Metadata-Version: 2.4
Name: spark_data_test
Version: 0.1.0
Summary: A library for validating and comparing datasets in Spark using PySpark.
Author: Jafeer Ali
Author-email: jafeeralin@gmail.com
License: MIT
Requires-Python: >=3.7
Description-Content-Type: text/markdown
License-File: LICENSE
Requires-Dist: dacite>=v1.9.2
Provides-Extra: dev
Requires-Dist: pytest>=5; extra == "dev"
Requires-Dist: pytest-cov; extra == "dev"
Dynamic: author
Dynamic: author-email
Dynamic: description
Dynamic: description-content-type
Dynamic: license
Dynamic: license-file
Dynamic: provides-extra
Dynamic: requires-dist
Dynamic: requires-python
Dynamic: summary

# spark-data-test

## Overview

`spark-data-test` provides utilities to compare two Spark DataFrames or datasets, generating detailed reports on matches, mismatches, and missing records.
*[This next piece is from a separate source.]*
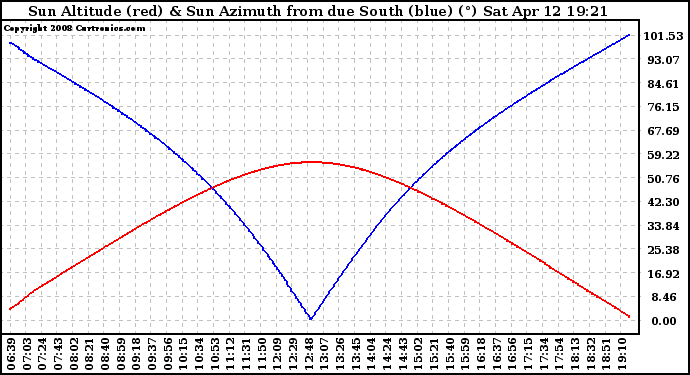 Solar PV/Inverter Performance Sun Altitude Angle & Azimuth Angle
It is designed for data validation, ETL testing, and regression testing in Spark pipelines.

## Configuration Dataclasses

Below are the main dataclasses used for configuration in `spark-data-test`. You can use these directly in Python or as a reference for your YAML/JSON configs.

### DatasetParams

Defines parameters for a single dataset comparison.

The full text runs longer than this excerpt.